- [Problem to work on]
Please repeat nothing except the lines from the one containing "企业微信截图_17878786782871.png" through the end of the records, exactly and without pictures.

- [Task material]
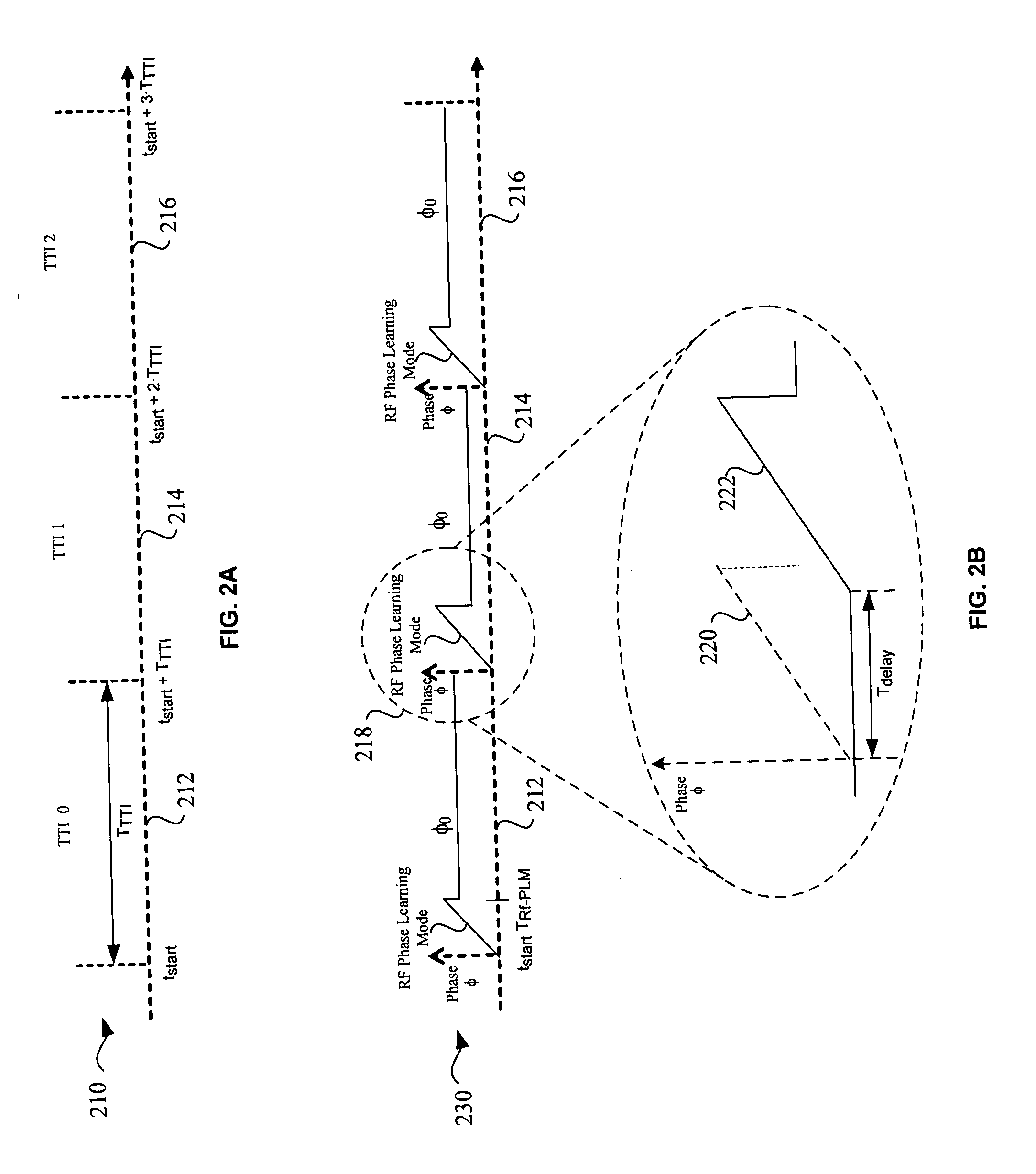 Method and system for channel estimation in a single channel (SC) single-input multiple-output (SIMO) system
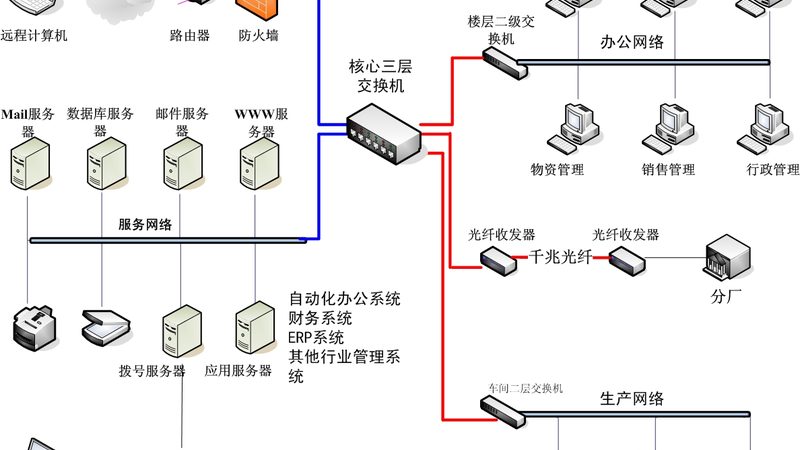 智能家居控制系统参数不是越多越好，看懂这几点才不踩坑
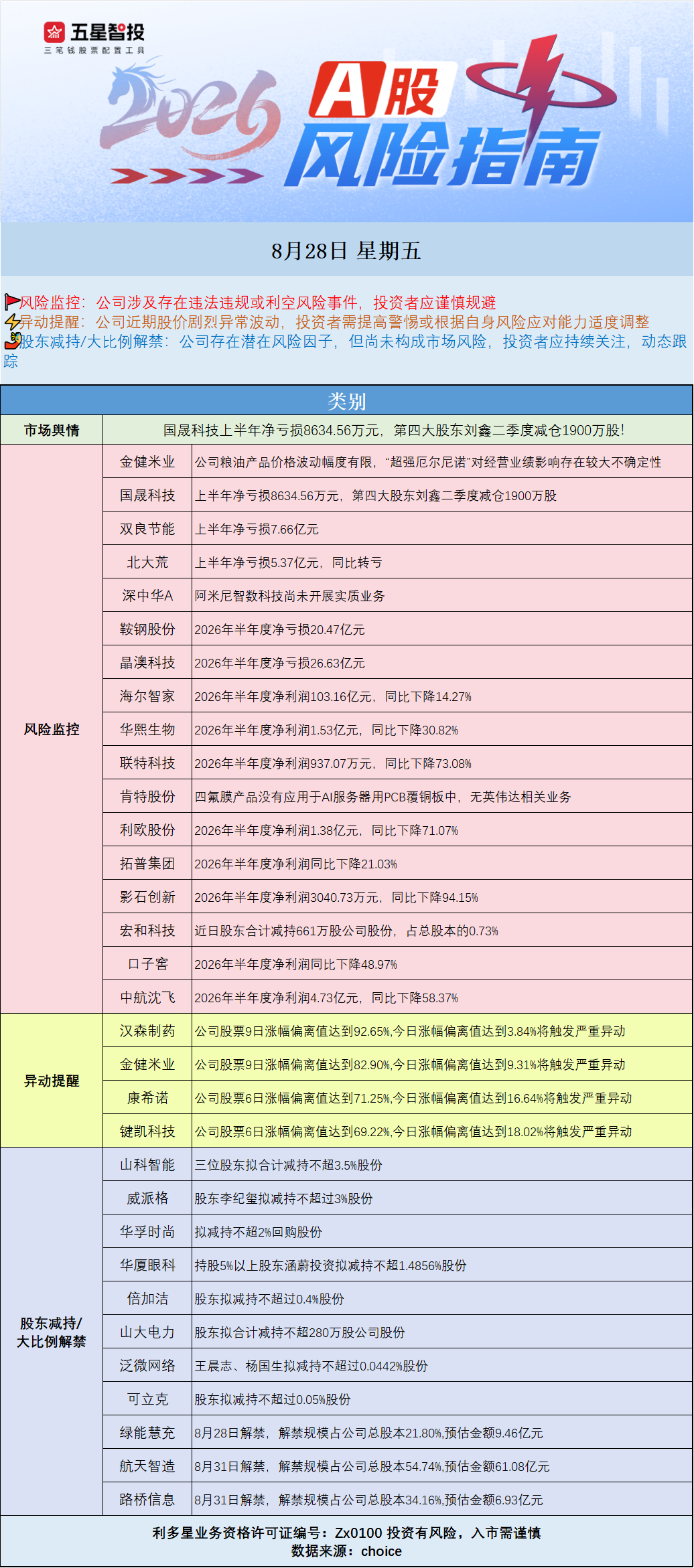 企业微信截图_17878786782871.png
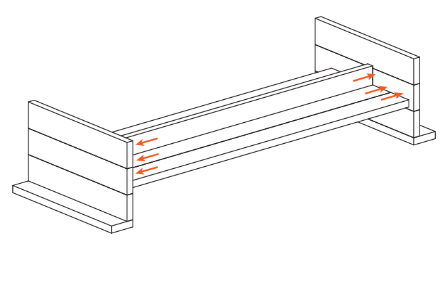 Step 4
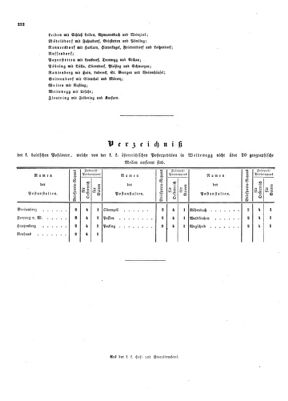 Verordnungsblatt für die Verwaltungszweige des österreichischen Handelsministeriums 18541007 Seite: 12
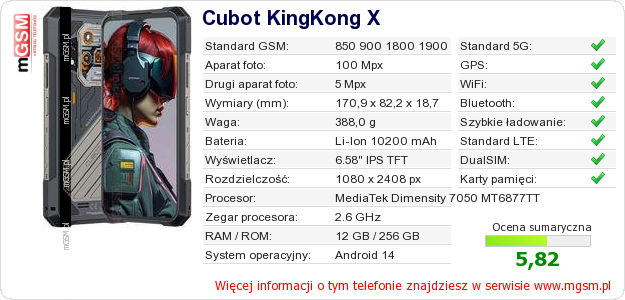 Dane telefonu Cubot KingKong X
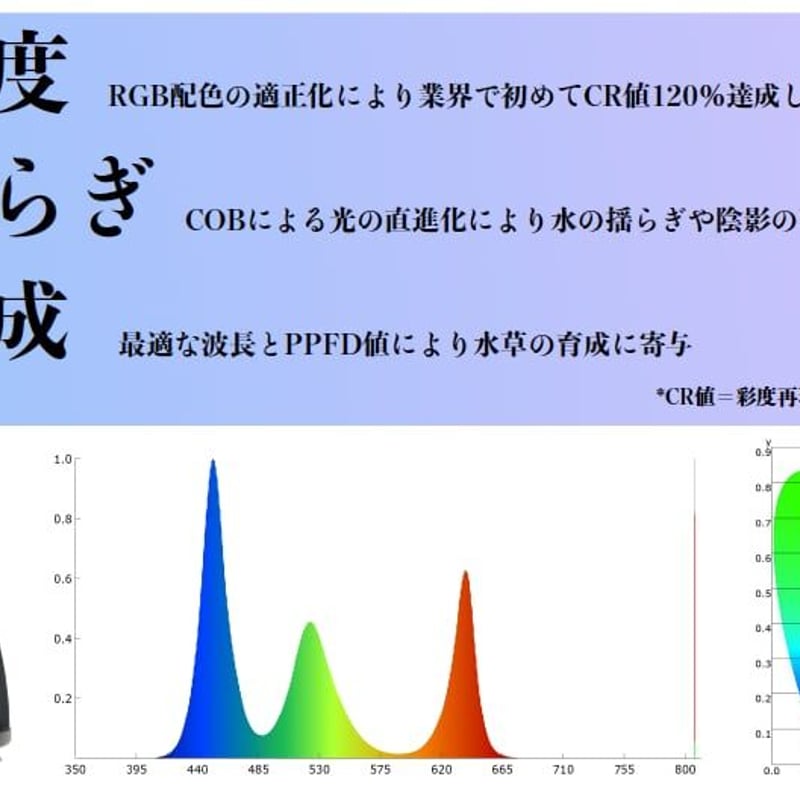 ◇ Helios AQUA LED HA-20 ／アクアリウムに最適なRGB配色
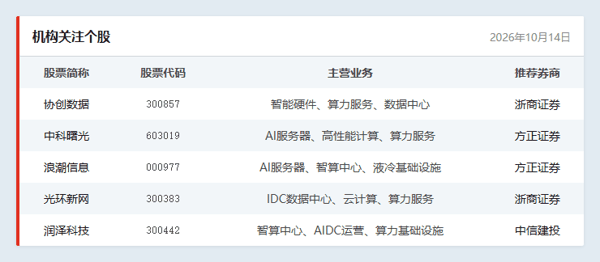 机构关注个股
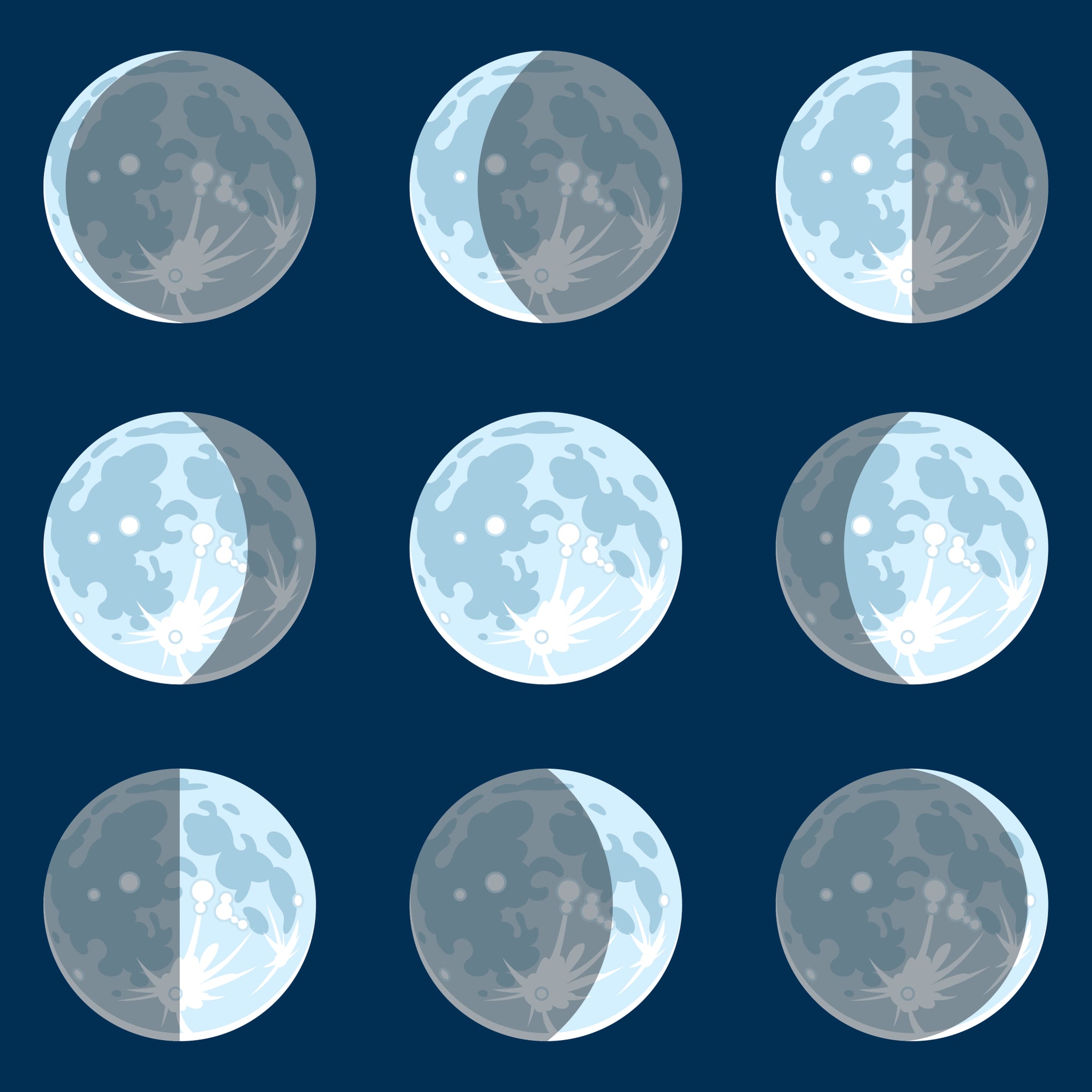 Albums 92+ Wallpaper Phases Of The Moon In Order With Pictures Full HD ...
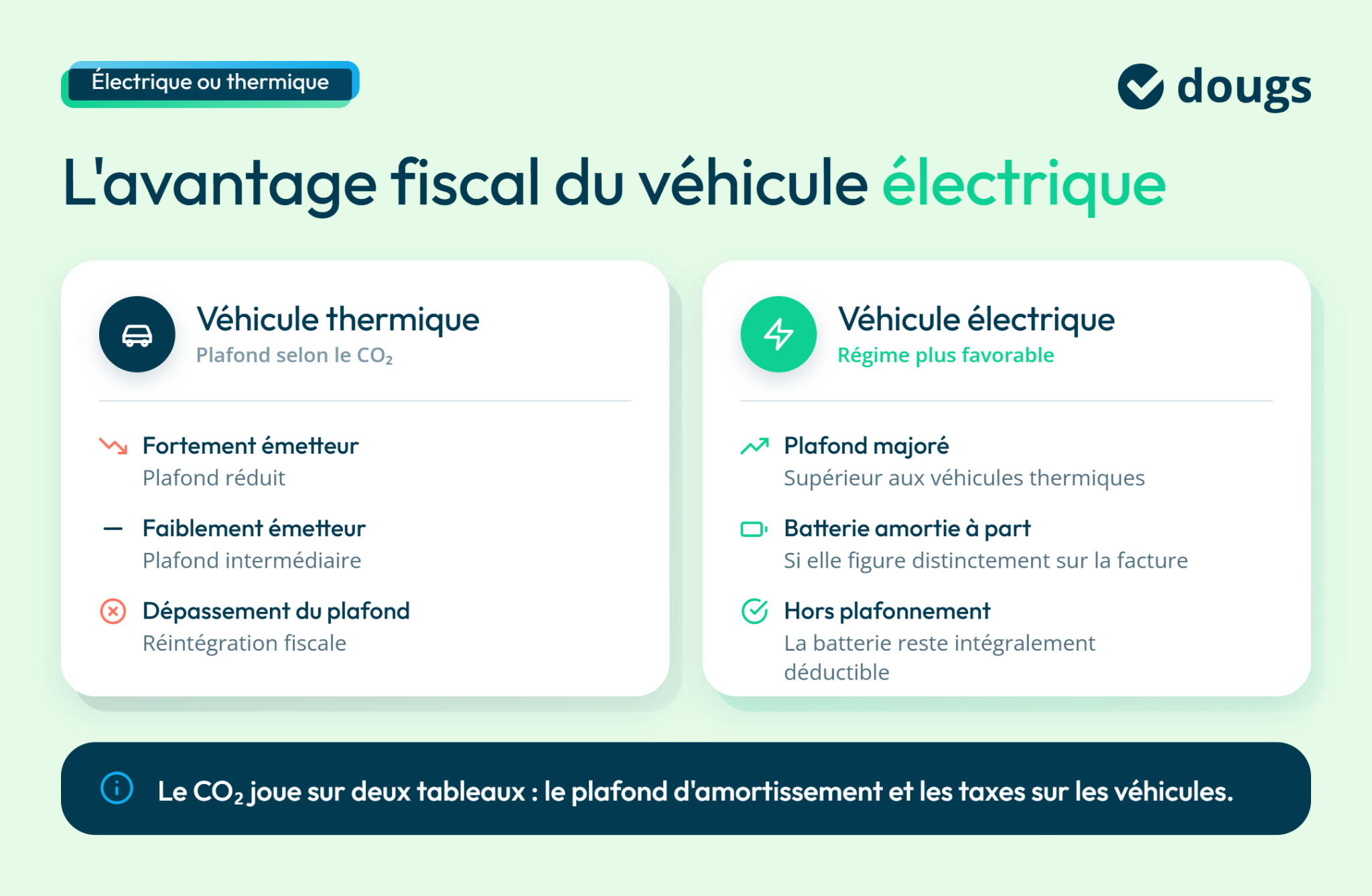 Comparaison des avantages fiscaux entre véhicule thermique et électrique avec mention de l'amortissement véhicule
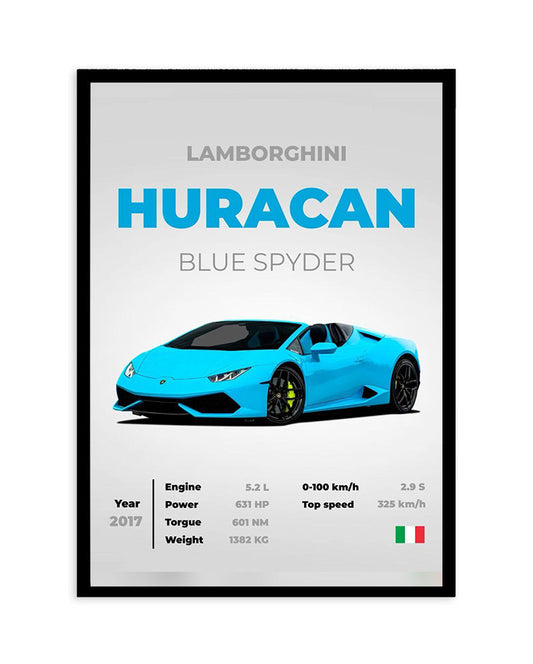 Lamborghini Huracán Blue Spyder – Performance Spec Poster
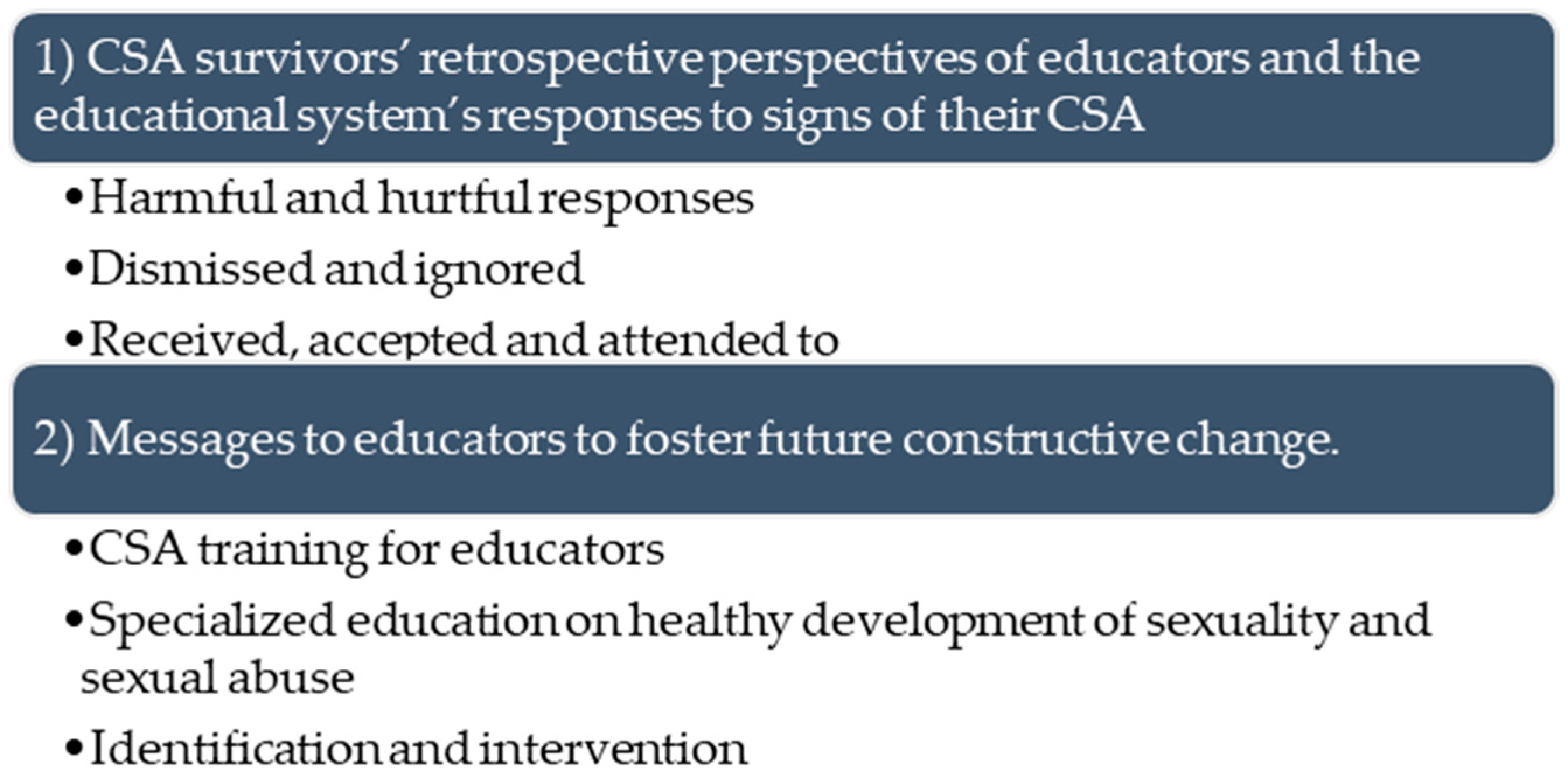 Behavsci 14 00419 g001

- [Solved exercise]
 企业微信截图_17878786782871.png
 Step 4
 Verordnungsblatt für die Verwaltungszweige des österreichischen Handelsministeriums 18541007 Seite: 12
 Dane telefonu Cubot KingKong X
 ◇ Helios AQUA LED HA-20 ／アクアリウムに最適なRGB配色
 机构关注个股
 Albums 92+ Wallpaper Phases Of The Moon In Order With Pictures Full HD ...
 Comparaison des avantages fiscaux entre véhicule thermique et électrique avec mention de l'amortissement véhicule
 Lamborghini Huracán Blue Spyder – Performance Spec Poster
 Behavsci 14 00419 g001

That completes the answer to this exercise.